I /think/ I've caught up on this thread, but I'm sure I've missed a bunch. As I see it there are really these issues to protecting email addresses in Mailman:
- list admin addresses
- public archives
- private archives
- raw archive
- list rosters
For #1, MM2.1 changes what gets included at the bottom of list pages. The admin's personal address is no longer included in the link's text or in mailto: href. In the mailto: you'll see something like firstname.lastname@example.org and in the text you'll see something like "barry at zope.com". I see no point in trying to obscure the former -- or put it behind a web form -- because it's easily guessed given a probe of existing lists, as is every other list-related email address. More on protecting the -owner from spam below. I claim that the guessability is a feature, btw.
MM3 will likely integrate admin addresses and list memberships into an object called a "roster" (essentially just a list of email addresses). This will let us define a pipeline for each roster, which could include a spam filter that performs an action based on some criteria (e.g. drop it, reject it, mark a header, etc.). So we can do more protection on the -owner address than we can do now (without hacking). Rosters and the improved user database will allow us to actually equate admin email addresses with Real Names, so you could conceivably see something like
List run by <a href="mailto:email@example.com">Barry Warsaw</a>
at the bottom of the pages. You'd be within your rights to argue that end users never even need know who admins the list, but I think it helps to avoid the "faceless droid" syndrome.

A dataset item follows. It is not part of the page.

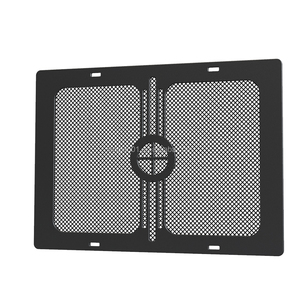 Pour <span class=keywords><strong>BMW</strong></span> K 75 K 100 Moto Cafe Racer Accessoires Grille de protection de radiateur en aluminium Cache de réservoir d'eau pour <span class=keywords><strong>BMW</strong></span> <span class=keywords><strong>K75</strong></span> K100 - Product Image 5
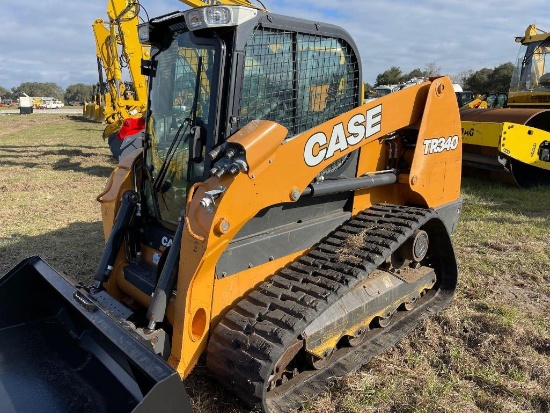 2018 CASE TR340 RUBBER TRACKED SKID STEER SN:NJM444198 powered by diesel engine, equipped with EROPS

Mailman should avoid getting deeply into the spam detection and prevention business, except for some really really basic stuff (probably not much more or less than it does now). It should integrate well with external spam detection programs like SpamAssassin or commercial equivalents. E.g. if we always send the message through SA, and the message gets some score, we could decide to hold messages below say 5.0 on the Spamster Scale, discard anything about 5.0, etc.
As for #2, I'd go for the low-tech approach of simply discarding the hostname part of the email address in all public archives. Certainly this is easy in the headers, and we'll have to decide whether we're going to expend the resources to do body searches for email addresses, and obfuscate those as well. If people want to make contacts based on some public archive message, they can email the list. Until we've got web-posting, I don't think it matters if they lose the full email address in the public archives.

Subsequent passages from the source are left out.